Situated at the north-eastern tip of Mindanao, 800 km south of Manila, Siargao is a dream-come-true island. Composed of 48 islands and islets, Siargao is known as the surfing capital of the Philippines. The island contains the largest mangrove forest reserves in Mindanao, long stretches of wetlands, and has its share of coral reefs and dive spots. Siargao Island is greatly influenced by the winds and currents coming uninterrupted from the Pacific Ocean. Most island hopping tours start in Naked Island and end in Guyam Island, both in Siargao, where tourists can stay and watch the sunset.
While Cebu is one of the most densely populated islands in the Philippines, it is also the one that tourists visit the most. The island’s prime attractions are its white sand beaches and spectacular diving, chiefly off the northern tip of Cebu at Malapascua and down on the southwest coast at Moalboal. Here you can get local by visiting family owned watersport companies that will take you out parasailing, jet skiing and banana boating. Whether you are a foodie, history buff or a fitness junkie, there is something sweet and special that awaits you in Cebu.
The biggest island of the Philippines, North Luzon is a land of misty mountains, where pines replace palm trees. Head to Banaue and Batad to admire the 2,000-year-old rice terraces etched along plunging ravines. The 20,000 sq km UNESCO-listed terraces still provide a livelihood for the various tribal groups that continue to live in relative isolation in the mountains. Treks along the rice terraces to various villages and waterfalls can be organised through the Banaue Tourist Information Centre.
A small, pretty town surrounded by stunning limestone cliffs, similar to Halong Bay in Vietnam and Krabi in Thailand, El Nido is quickly becoming a hotspot in the Philippines. There are a number of island-hopping trips you can do to explore the Bacuit Bay archipelago, which is amazing. One can choose to lead a lazy life at its powder-fine beaches paired with clear waters, or be the ultimate explorer and set sail via longboat.
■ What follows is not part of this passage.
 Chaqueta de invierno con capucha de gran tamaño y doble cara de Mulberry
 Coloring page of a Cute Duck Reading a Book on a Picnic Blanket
Off the coast seems to be a fulfilling a checklist of what makes an island holiday great again with its intensely hued reefs, waterfalls, coves and empty lagoons hidden behind soaring karst limestone formations waiting to be discovered.
With endless beaches of powdery-white sand, long happy hours, abundance of restaurants and hotels to suit all budgets, and plenty of watersports, Boracay is the party island. It has 12 beaches, the most popular being White beach and Bulabog. The island is divided up into “boat stations”, which are used a reference points. Station One in the north is known for its high-end resorts and tranquillity; station two is the liveliest part, and station three is where all the budget accommodation can be found.